Trying Times for Tribsters

It sounds more like a seminar at the Poynter Institute, but the St. Pete Times Forum is the name downtown is now stuck with for the Ice Palace. But no one, of course, is stuck more than the Tampa Tribune . Its reporters and editors will be forced to mention the St. Pete Times Forum in copy about major concerts, Lightning games and maybe even a GOP coronation. Ouch.

For anyone keeping score, the House of Chutzpah is merely the latest Times’ coup in what has long ceased being a newspaper war. For too long the Times has cherry-picked Trib staffers and outhustled the competition on metro stories. It also planted its flag atop a downtown Tampa office building and debuted the weekly CityTimes .

The Times , which can be arrogant, self-righteous and journalistically first rate, is also promotionally pugnacious and street smart. Witness the sponsorship arrangements with Cento Ybor and International Plaza. Now this. Even its naming rights-announcing press release, which didn’t deign to disclose relevant information about financial terms, couldn’t resist lobbing another round across the bow of the Trib .

Paul Tash, the Times’ editor and president, fired off a vintage, take-advantage-of-this-high-profile-local-news-story quote. “This deal demonstrates that the Tampa Bay area is growing steadily into a single metro region,” matter-of-factly noted Tash, who didn’t stop there. “And that the St. Petersburg Times is the premier newspaper for that region,” he then sniffed.

At least no one was editorially asleep for the Trib . The self-serving second part of Tash’s quote never saw the light of Trib print. So there.

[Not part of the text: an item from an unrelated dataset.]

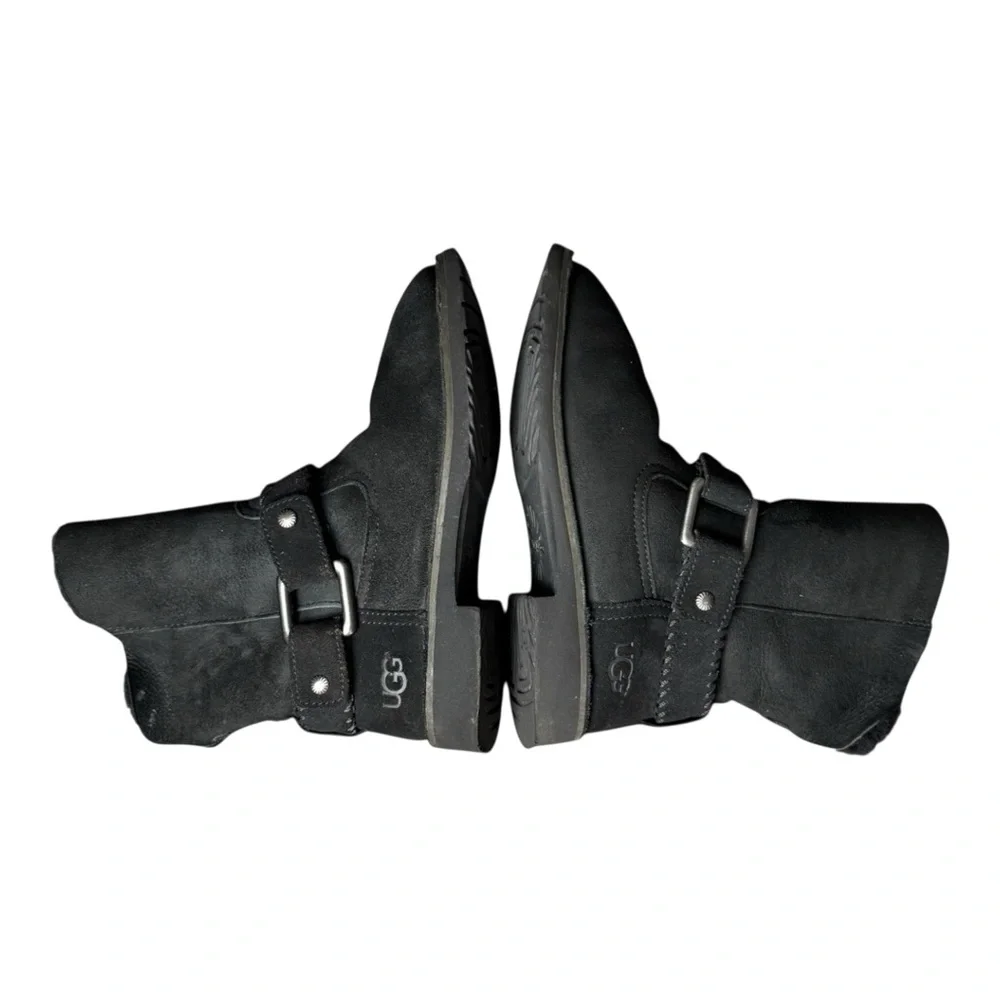 UGG Classic Cedric Black Suede Sheepskin Cuff ShortBoots Women’s Size 7 1012360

Election Season Hectic for Editorial Boards

The run-up to an election is an especially hectic time for candidates, campaign staffs — and newspaper editorial boards. For the latter, it means a barrage of candidates, good and bad, coming and going; a serious societal responsibility as voter surrogates; and a number of tough calls. It also means missed or hurried lunches and unforgiving daily deadlines.

Take it from Tampa Tribune Editorial Page Editor Ed Roberts. Please. His phone is on permanent voice mail these days because of the predictable onslaught of calls, many less than polite, representing all those not endorsed by the Trib .

“This is a very tough time for us,” acknowledges Roberts. “We have to get out our opinion pages every day. We have to schedule the candidates one right after the other. It’s that time, and it’s our job.”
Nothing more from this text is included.